Author’s Guild lead attorney
However, in the words of Anita Fore, Director of Legal Services at The Author’s Guild, “The fair use doctrine, or how much one may quote from another copyright protected [work] without permission from the copyright owner, is actually a narrow defense to a copyright infringement lawsuit. And it’s a sticky issue; there’s no way to predict with 100% certainty whether a particular use would be considered ‘fair.’ Contrary to popular lay opinion,” she wrote in a memo to Creative Times, “it’s impossible to state that any use is ‘fair’ by merely counting the words quoted.”

She agrees with the Stanford Library experts that “the Copyright Act defines fair use as copying for purposes such as criticism, comment, news, reporting, teaching, scholarship or research. Copyright law provides a four-factor test (proportion of the new work that is comprised of the prior work; proportion of the prior work that is borrowed; nature of the use being made — academic and review purposes are favored; and whether the commercial market for the original work will be harmed by the amount taken...)”

Most times honesty pays
Based on this definition, Jayson Blair, formerly with The New York Times, obviously committed a lot of literary crimes. Not only did he fail to secure permission when writing his stories, he lifted whole blocks of someone else’s work without acknowledging his sources.

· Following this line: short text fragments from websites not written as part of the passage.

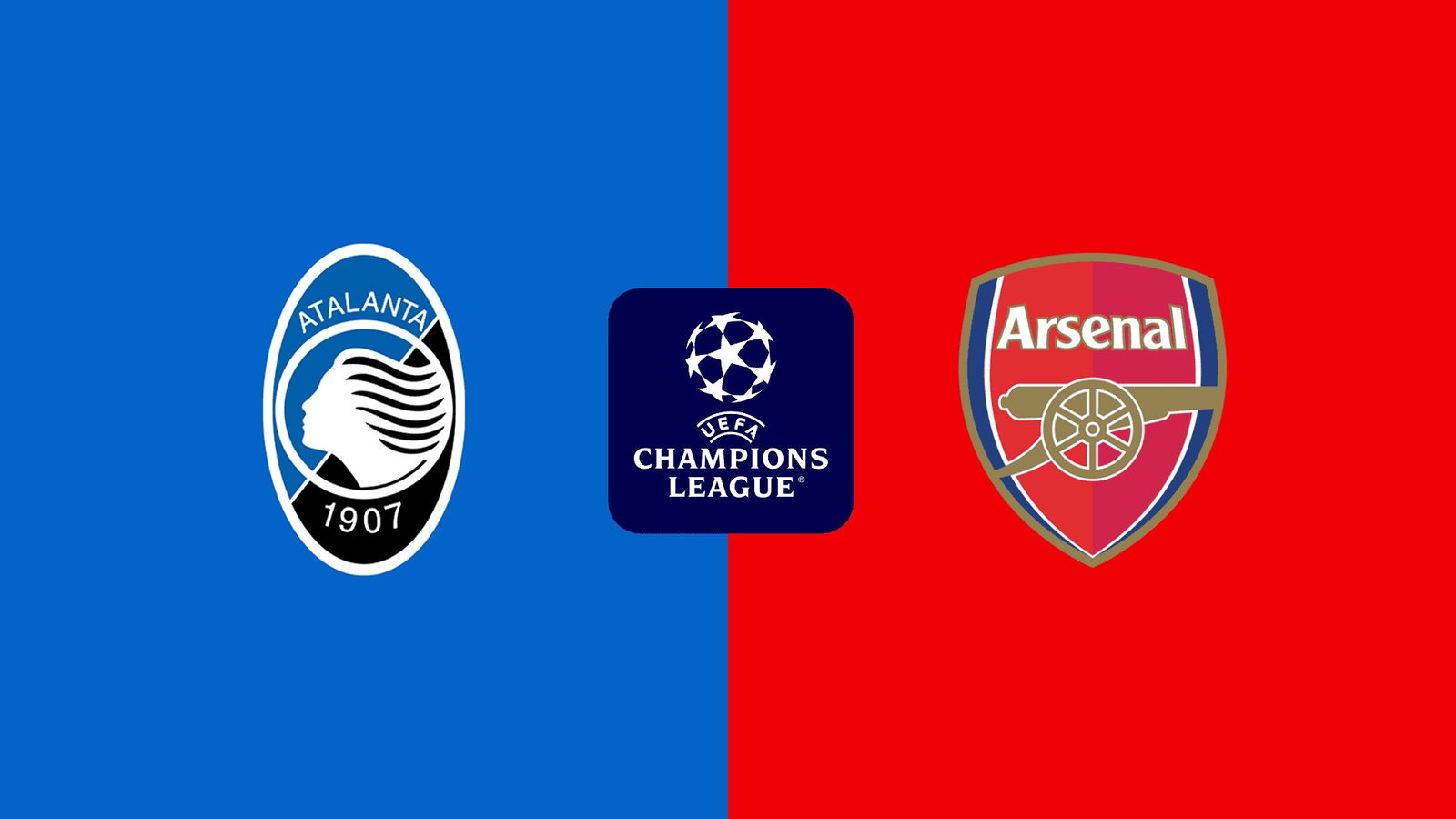 Immagine di Dove vedere Atalanta - Arsenal in TV e streaming e probabili formazioni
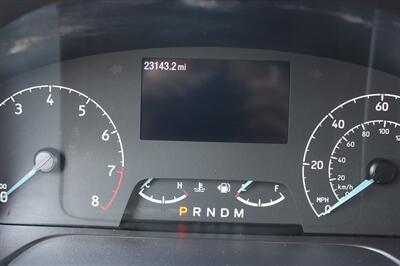 2023 Ford Transit 350 XLT - Photo 28 - Euless, TX 76040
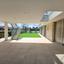 4 bedroom detached house for sale pervolia larnaca 7978007 thumbnail 11517610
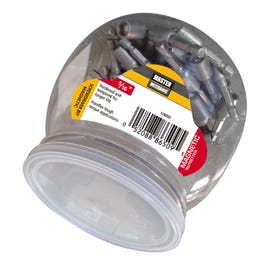 5/16-In. Magnetic Nut Setter, 1.75-In. Length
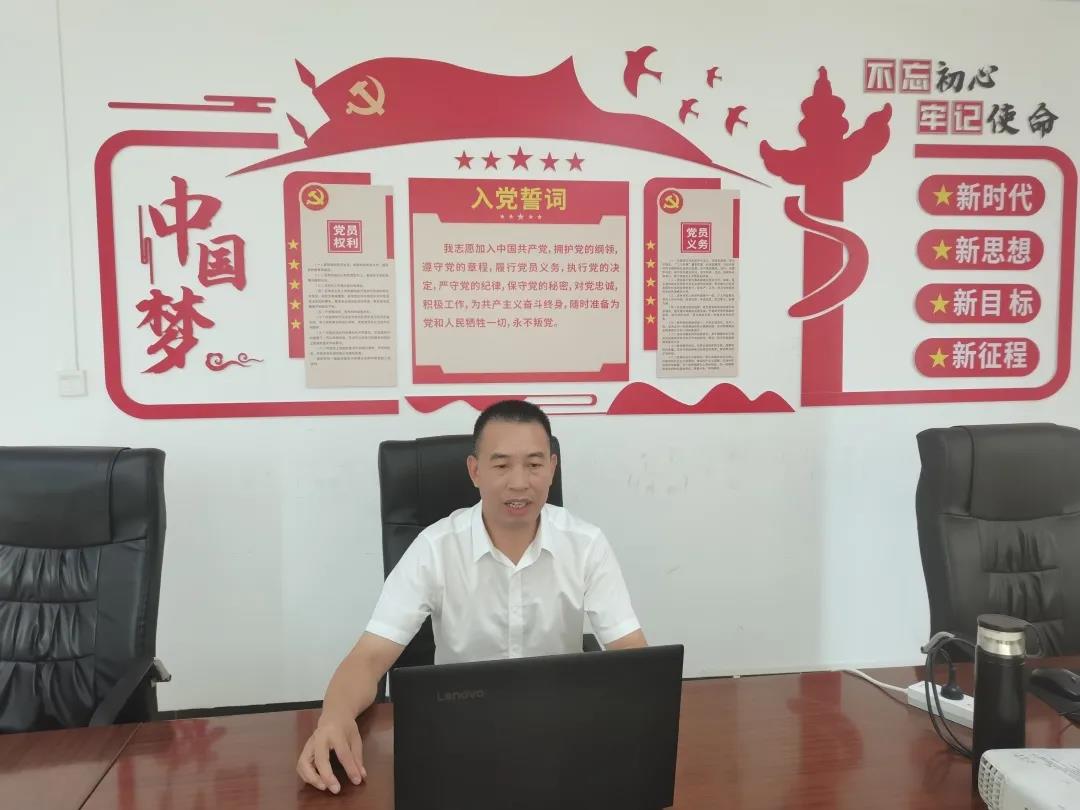 PA�콢��ƽ̨(�й���)�ٷ���վ-PA PlayAce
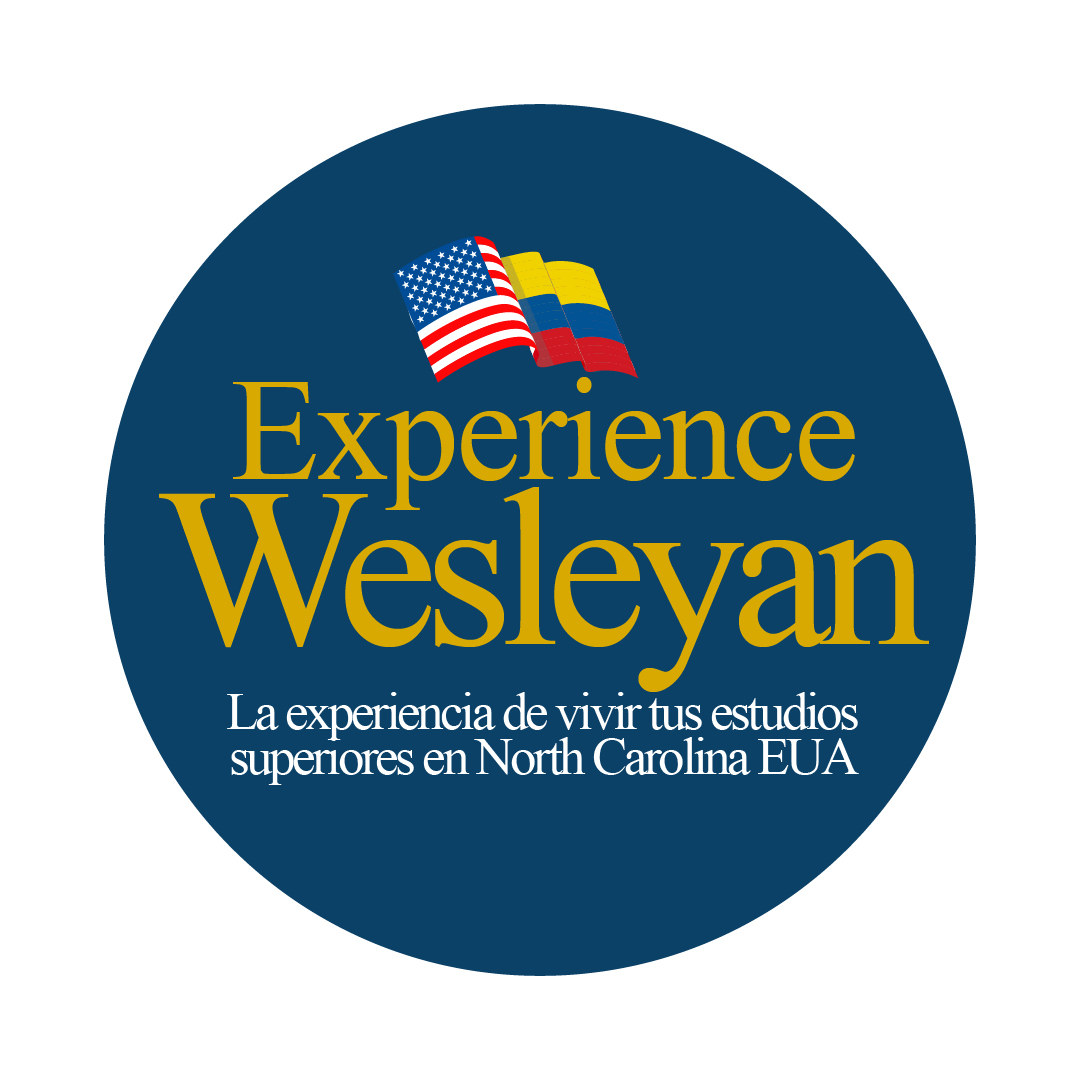 Experience Wesleyan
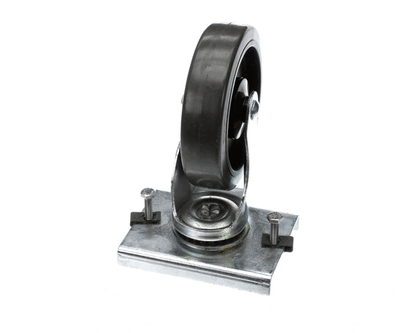 Traulsen Ser-60538-00 Service Assembly 6 N Adjustabl (TRSER-60538-00)
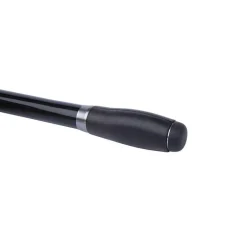 Canne Surf Shimano Aero Technium Compétition
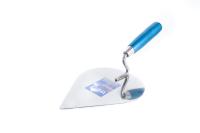 Изображение кельма vertextools (вертекс) "сердце" нержавеющая 12/72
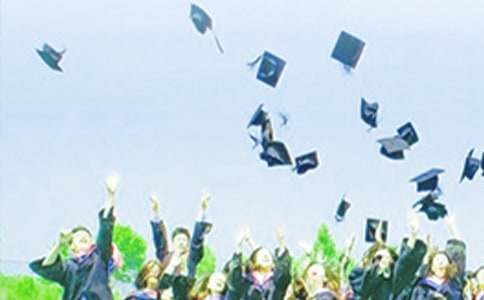 ���б�ҵ���Լ���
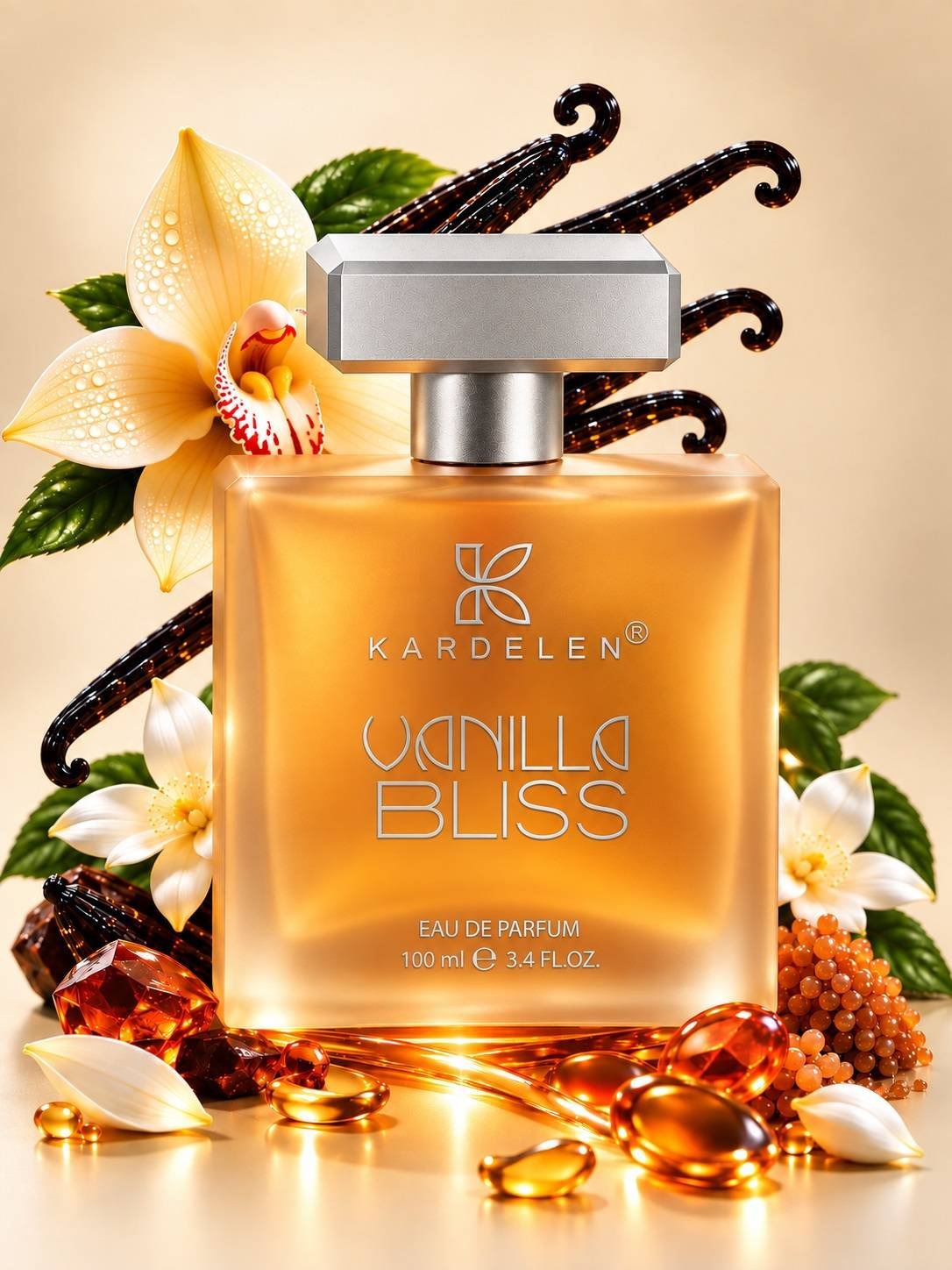 vanilla bliss1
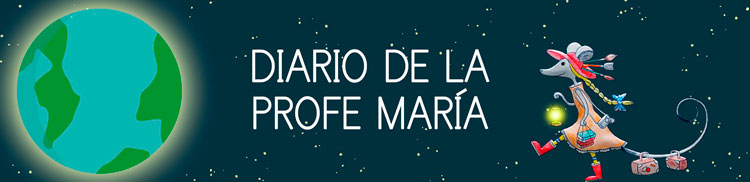 Blog de Educación Infantil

In the strictest sense, Ms. Fore of the Guild suggests that authors always secure prior permission to quote from a copyright protected work “if they are not writing a review of the work itself.” Period. In other words, don’t take chances. Sometimes permission is granted without charge; sometimes there’s a fee. Pay it. Otherwise you’ll be stealing. Most of the time thieves get caught (our ladder pilferer notwithstanding) and the price is far greater than the pittance required to obtain the permission.